Opinion
Decided February 21, 1930.
Appeal from Hopkins Circuit Court.
C.J. WADDILL and S.C. EAVES for appellant.
CHARLES G. FRANKLIN, NEVILLE MOORE, and GORDON, GORDON MOORE for appellee.
Affirming.
The Brown Coal Company seeks by this appeal to reverse a judgment for $1,825.58 recovered against it by the Madisonville Coal Sales Agency. On motion of the Brown Coal Company, this matter was transferred to equity and heard by the chancellor.
To understand the contention of the Brown Coal Company, it is necessary to notice briefly some things apparently foreign to this controversy.
Some years ago one Jesse Dimond organized a corporation known as the "Stevens Coal Co." It had offices in Old Colony Building, Chicago, Ill., in Madisonville, Ky., and perhaps other cities.
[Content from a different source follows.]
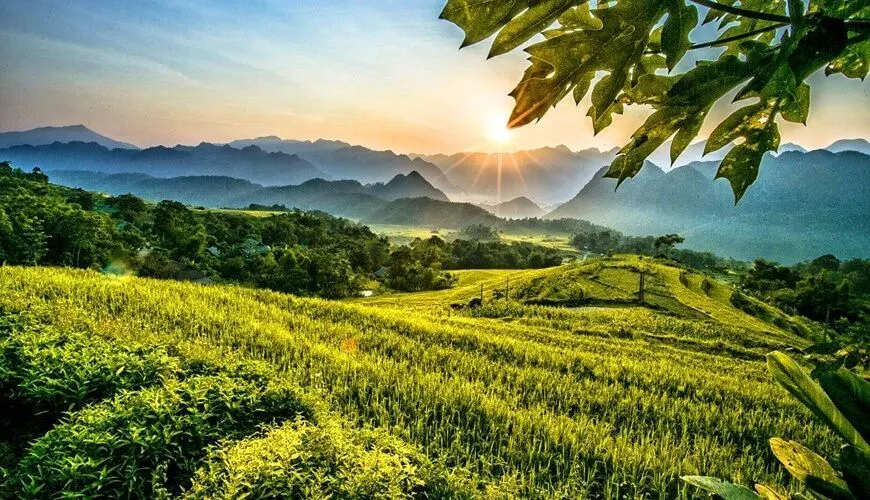 vietnam-tour-packages-5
In the early part of August, 1927, it got into some financial difficulties, and it is contended by the Brown Coal Company that it now owes the Brown Coal Company $5,144, after crediting the $1,825.58 sued on herein upon an account of $6,969.58, which Stevens Coal Company owed the Brown Coal Company for coal sold it on or about August 1, 1927. In May, 1927, or thereabouts, Jesse Dimond organized the Madisonville Coal Sales Agency, and it became quite active in buying and selling coal, and the Brown Coal Company admits the Madisonville Coal Sales Agency sold and delivered to it the coal for which it obtained the judgment herein.
The contention of the Brown Coal Company is that the Madisonville Coal Sales Agency and the Stevens Coal Company are merely different names for the same thing, and in their brief here counsel for the Brown Coal Company argue that feature with able elaboration, then say si non omnes conjuncti (if not all confederated) that the account sued on was by the Madisonville Coal Sales Agency assigned and transferred to the Stevens Coal Company, and that the Brown Coal Company, upon learning of this assignment, had credited the account of the Stevens Coal Company by $1,825.58, and had charged that sum of the Madisonville Coal Sales Agency. The Stevens Coal Company got into serious financial difficulties in August, 1927, and its affairs were placed in the hands of a creditor's committee.
The proof shows that the Madisonville Coal Sales Agency had, in early part of August, 1927, owed the Stevens Coal Company something like $29,000, and the Brown Coal Company contends that, as a part of its efforts to settle this, it had assigned to the Stevens Coal Company this account of $1,825.58 against the Brown Coal Company, and it offered considerable hearsay evidence to that effect.
The Brown Coal Company also had some evidence that the Stevens Coal Company and the Madisonville Coal Sales Agency had offices in the same building in Chicago, and that at one time Jesse Dimond had been quite active in the affairs of both. This proof was by agreement taken before the court, and it is shown that Jesse Dimond was then present in the courtroom.
Counsel for Brown Coal Company now argue they made such a showing that the Madisonville Coal Sales Agency should have called Mr. Dimond to disprove these things. The answer is that the Madisonville Coal Sales Agency had made out a prima facie case and rested. It was under no necessity of calling Dimond, unless the Brown Coal Company had succeeded in showing that the Stevens Coal Company and the Madisonville Coal Sales Agency were one and the same, or that the Madisonville Coal Sales Agency had assigned this account to the Stevens Coal Company. The Brown Coal Company failed in all its efforts to establish these alleged defenses. If Mr. Dimond knew any fact beneficial to the Brown Coal Company, it could have called him as a witness.
The finding of the chancellor was authorized. The judgment is affirmed.